*AVAILABLE RECORDS*:
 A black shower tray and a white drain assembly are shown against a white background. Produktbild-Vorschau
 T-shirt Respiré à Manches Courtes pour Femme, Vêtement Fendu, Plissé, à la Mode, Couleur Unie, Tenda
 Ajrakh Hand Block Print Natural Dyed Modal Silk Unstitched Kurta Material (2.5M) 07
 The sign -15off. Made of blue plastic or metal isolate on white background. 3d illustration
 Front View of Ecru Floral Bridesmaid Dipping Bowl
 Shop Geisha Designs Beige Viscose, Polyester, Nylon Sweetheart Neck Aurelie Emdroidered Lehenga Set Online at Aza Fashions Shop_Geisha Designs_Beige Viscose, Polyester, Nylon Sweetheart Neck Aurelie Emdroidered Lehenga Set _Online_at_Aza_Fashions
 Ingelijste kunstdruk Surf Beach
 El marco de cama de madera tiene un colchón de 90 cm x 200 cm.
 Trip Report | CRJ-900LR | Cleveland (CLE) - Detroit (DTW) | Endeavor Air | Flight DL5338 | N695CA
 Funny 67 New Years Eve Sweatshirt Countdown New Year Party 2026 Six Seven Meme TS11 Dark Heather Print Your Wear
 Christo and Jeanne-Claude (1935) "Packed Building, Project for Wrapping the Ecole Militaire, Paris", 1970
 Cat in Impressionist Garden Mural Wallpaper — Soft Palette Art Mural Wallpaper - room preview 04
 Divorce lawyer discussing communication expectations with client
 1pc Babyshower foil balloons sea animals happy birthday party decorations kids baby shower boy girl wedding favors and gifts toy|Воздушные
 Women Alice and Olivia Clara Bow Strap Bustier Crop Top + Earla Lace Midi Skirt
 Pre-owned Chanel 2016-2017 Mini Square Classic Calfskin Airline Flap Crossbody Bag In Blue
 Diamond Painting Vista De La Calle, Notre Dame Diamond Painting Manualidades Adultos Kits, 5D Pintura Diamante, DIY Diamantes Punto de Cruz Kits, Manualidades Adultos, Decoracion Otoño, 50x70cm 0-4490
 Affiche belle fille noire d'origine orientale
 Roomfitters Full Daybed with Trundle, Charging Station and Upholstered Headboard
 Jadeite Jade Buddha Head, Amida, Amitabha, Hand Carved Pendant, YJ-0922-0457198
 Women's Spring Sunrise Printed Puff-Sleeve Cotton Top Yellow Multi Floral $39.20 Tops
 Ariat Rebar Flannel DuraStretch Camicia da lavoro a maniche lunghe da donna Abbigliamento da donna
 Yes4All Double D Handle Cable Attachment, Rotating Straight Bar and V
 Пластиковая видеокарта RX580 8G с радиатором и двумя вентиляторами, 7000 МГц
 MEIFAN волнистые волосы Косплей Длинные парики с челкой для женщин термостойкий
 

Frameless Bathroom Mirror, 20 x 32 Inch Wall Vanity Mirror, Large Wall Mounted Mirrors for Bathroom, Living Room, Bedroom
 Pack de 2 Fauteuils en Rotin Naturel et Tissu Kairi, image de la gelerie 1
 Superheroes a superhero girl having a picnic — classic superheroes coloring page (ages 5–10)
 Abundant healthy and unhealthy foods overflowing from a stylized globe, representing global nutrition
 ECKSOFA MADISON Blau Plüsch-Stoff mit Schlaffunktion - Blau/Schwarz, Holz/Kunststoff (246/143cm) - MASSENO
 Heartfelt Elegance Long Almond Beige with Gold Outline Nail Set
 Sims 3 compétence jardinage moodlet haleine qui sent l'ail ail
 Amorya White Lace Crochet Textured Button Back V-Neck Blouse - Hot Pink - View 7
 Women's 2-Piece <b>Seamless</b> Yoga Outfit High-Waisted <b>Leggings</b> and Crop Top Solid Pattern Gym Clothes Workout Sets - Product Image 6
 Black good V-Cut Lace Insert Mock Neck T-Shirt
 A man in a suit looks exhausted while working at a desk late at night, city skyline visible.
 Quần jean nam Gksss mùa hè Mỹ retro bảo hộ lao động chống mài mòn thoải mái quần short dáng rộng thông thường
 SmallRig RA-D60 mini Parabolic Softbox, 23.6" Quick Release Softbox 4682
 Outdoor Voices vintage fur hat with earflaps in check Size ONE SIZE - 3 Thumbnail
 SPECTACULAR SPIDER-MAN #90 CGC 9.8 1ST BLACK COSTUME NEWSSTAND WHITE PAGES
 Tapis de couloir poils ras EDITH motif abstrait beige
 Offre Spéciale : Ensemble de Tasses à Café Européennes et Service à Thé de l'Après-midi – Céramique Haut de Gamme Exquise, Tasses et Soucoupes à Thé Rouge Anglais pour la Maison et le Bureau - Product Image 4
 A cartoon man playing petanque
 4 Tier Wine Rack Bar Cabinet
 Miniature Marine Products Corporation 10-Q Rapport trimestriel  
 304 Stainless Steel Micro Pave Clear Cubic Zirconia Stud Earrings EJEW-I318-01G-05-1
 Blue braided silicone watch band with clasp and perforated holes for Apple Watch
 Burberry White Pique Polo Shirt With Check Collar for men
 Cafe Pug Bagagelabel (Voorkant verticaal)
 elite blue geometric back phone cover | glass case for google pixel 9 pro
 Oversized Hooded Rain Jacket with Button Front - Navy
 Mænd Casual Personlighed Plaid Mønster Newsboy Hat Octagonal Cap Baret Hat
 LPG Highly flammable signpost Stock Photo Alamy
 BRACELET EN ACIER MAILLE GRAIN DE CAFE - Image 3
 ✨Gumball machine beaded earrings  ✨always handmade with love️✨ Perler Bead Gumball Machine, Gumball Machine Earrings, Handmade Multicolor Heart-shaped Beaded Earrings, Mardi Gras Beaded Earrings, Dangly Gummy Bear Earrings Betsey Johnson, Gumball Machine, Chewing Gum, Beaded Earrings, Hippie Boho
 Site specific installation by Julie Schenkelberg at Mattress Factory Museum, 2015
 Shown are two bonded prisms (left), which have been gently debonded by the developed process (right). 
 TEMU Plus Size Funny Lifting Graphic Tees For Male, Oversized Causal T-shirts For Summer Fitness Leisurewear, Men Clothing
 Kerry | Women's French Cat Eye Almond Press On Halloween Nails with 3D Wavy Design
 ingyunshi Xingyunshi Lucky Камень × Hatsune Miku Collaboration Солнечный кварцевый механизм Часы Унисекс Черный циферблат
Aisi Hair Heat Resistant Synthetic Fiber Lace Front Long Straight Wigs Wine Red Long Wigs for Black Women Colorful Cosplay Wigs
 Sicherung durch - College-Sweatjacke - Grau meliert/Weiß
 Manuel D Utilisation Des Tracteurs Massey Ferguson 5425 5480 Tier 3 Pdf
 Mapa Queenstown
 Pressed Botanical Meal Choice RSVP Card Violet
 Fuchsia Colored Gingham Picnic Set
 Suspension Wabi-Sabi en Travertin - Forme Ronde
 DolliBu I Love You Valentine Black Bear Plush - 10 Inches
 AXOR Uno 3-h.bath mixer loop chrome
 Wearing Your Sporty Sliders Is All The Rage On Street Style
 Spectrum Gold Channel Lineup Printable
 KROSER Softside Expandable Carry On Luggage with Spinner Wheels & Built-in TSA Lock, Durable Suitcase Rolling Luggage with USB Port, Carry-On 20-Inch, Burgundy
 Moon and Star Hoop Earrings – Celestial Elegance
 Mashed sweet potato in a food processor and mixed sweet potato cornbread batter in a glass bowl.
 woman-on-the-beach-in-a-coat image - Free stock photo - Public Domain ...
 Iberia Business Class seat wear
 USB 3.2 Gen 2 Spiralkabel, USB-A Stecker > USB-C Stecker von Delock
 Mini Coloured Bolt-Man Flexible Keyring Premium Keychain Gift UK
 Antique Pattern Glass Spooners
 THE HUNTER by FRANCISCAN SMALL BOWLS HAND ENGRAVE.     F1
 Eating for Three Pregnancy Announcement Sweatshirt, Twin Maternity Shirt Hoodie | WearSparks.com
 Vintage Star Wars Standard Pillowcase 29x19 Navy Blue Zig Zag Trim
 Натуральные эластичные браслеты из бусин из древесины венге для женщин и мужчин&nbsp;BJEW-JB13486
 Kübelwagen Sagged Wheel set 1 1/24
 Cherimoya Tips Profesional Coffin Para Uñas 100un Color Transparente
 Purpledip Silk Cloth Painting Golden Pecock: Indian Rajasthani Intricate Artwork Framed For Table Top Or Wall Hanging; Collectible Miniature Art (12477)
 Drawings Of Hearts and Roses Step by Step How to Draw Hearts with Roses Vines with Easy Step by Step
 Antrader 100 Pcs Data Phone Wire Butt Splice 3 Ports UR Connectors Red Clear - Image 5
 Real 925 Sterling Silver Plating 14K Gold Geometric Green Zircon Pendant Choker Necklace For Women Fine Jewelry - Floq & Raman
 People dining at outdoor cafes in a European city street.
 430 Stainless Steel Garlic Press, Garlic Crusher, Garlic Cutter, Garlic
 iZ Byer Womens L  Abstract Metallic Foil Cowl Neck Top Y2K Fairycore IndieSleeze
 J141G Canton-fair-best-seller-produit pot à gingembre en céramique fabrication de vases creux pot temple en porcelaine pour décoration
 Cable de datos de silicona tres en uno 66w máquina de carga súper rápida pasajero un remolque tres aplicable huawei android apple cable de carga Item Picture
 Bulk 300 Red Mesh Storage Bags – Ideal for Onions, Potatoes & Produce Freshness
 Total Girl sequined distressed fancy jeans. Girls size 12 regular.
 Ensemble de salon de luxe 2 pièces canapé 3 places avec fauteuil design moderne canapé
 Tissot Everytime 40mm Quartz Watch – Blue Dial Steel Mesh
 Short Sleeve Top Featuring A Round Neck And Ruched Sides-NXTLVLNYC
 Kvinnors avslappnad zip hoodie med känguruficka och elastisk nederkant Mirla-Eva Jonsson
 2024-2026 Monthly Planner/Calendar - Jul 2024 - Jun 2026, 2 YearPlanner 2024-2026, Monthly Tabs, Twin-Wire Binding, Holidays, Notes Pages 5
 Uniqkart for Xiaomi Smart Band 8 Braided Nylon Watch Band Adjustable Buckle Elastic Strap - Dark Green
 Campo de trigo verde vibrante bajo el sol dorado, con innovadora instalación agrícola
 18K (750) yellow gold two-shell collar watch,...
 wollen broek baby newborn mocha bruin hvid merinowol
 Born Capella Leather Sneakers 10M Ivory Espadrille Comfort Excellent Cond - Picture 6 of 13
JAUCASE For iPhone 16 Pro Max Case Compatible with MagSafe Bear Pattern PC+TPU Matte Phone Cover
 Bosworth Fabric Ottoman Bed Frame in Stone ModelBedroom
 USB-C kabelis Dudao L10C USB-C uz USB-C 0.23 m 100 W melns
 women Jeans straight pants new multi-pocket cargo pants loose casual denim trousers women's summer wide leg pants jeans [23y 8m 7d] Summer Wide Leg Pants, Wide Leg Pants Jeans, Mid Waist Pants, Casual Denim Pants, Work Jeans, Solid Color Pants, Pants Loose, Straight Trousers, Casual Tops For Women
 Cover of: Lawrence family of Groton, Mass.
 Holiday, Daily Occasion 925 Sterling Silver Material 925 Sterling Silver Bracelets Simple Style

*DESCRIPTION OF THE TASK*: Look above for the line holding "Moon and Star". Print it and every line after it, exactly, through the line holding "Iberia Business Class seat wear".

*SOLVED PROBLEM*:
 Moon and Star Hoop Earrings – Celestial Elegance
 Mashed sweet potato in a food processor and mixed sweet potato cornbread batter in a glass bowl.
 woman-on-the-beach-in-a-coat image - Free stock photo - Public Domain ...
 Iberia Business Class seat wear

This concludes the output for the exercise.